Cuando dejamos de imaginar futuros posibles, la arquitectura se vuelve inmobiliaria. No hay otra forma de decirlo. En un mundo que celebra lo “eficiente”, lo “smart” y lo “viable”, la arquitectura parece haber olvidado su pulsión más radical: la de proyectar lo que aún no existe. Diseñamos como si el presente fuera eterno, como si el Excel dictara la forma de la ciudad, como si los algoritmos de optimización supieran algo sobre lo que significa habitar.
Pero la arquitectura no nació para obedecer. Nació para imaginar.
Durante siglos, los grandes momentos de ruptura vinieron de ideas que parecían delirantes: ciudades flotantes, megastructuras móviles, cápsulas habitables, urbes infinitas trazadas sobre el planeta como una provocación conceptual. Eran utopías, sí. Eran exageraciones, sí. Pero también eran instrumentos de crítica. Dispositivos de pensamiento. Maniobras radicales para sacudir el statu quo.
Hoy, en cambio, somos esclavos del render bonito, del estándar LEED, del “diseño replicable”. No dibujamos futuros: renderizamos normativas. No proyectamos ideas: organizamos metros cuadrados. Nos hemos vuelto funcionales hasta la asfixia, responsables hasta la parálisis, sostenibles hasta la insignificancia. Como si una arquitectura que no incomoda sirviera de algo más que de decorado para el colapso.
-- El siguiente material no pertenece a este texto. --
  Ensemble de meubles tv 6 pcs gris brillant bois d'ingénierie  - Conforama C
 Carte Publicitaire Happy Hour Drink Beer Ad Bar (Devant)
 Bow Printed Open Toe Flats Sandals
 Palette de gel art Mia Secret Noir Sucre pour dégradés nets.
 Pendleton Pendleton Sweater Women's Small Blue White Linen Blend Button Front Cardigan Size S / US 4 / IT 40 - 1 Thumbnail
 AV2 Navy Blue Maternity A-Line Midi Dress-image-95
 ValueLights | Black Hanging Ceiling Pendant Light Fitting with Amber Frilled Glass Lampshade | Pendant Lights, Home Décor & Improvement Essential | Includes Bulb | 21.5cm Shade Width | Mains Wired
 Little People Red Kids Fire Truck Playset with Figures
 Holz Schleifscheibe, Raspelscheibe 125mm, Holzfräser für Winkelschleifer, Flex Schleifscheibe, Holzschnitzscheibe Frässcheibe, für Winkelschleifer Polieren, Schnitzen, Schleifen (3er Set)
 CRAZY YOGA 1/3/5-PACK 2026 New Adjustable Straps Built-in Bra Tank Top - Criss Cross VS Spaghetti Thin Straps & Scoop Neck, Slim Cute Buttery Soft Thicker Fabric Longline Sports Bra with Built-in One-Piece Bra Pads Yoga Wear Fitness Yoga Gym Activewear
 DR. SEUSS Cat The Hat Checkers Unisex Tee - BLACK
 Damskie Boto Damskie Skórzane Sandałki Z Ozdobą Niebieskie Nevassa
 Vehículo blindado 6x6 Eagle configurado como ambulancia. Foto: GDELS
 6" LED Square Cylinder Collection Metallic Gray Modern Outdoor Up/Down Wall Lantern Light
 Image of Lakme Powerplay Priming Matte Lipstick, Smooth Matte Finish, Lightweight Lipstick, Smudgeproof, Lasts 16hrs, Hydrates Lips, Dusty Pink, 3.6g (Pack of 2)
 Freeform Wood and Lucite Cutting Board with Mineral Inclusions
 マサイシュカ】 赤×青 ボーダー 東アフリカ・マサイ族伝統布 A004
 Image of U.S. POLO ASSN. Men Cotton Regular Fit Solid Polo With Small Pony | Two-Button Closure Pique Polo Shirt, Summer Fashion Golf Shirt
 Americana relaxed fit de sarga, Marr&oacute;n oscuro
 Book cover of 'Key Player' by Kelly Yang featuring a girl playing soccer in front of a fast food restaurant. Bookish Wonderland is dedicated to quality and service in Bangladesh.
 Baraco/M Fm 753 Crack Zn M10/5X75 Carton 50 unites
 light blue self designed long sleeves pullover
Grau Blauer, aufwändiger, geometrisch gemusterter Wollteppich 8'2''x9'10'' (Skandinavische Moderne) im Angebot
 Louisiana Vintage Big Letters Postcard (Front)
La utopía no es ingenuidad. Es método. Es una forma de pensamiento que desestabiliza lo dado, que resiste la dictadura de lo posible. No se trata de construir Atlántidas ni repetir las grillas de Superstudio.
Se trata de volver a preguntarse: ¿qué pasaría si…? ¿Qué pasaría si repensamos desde cero la manera de habitar, de movernos, de vincularnos? ¿Qué pasaría si la arquitectura dejara de resolver problemas y volviera a hacer preguntas?
Porque si la arquitectura no se atreve a imaginar lo que no existe, ¿quién lo va a hacer?
Estamos en un momento crítico. Y eso no es excusa para ser más conservadores, sino todo lo contrario. Frente al cinismo de la planificación automatizada, necesitamos volver a dibujar como niños testarudos que no aceptan el mundo tal como viene empaquetado. La utopía no es una solución. Es una herida abierta. Una grieta. Un experimento. Pero sobre todo, es una forma de decir: esto podría ser diferente.
Y eso, en tiempos como los que corren, ya es mucho.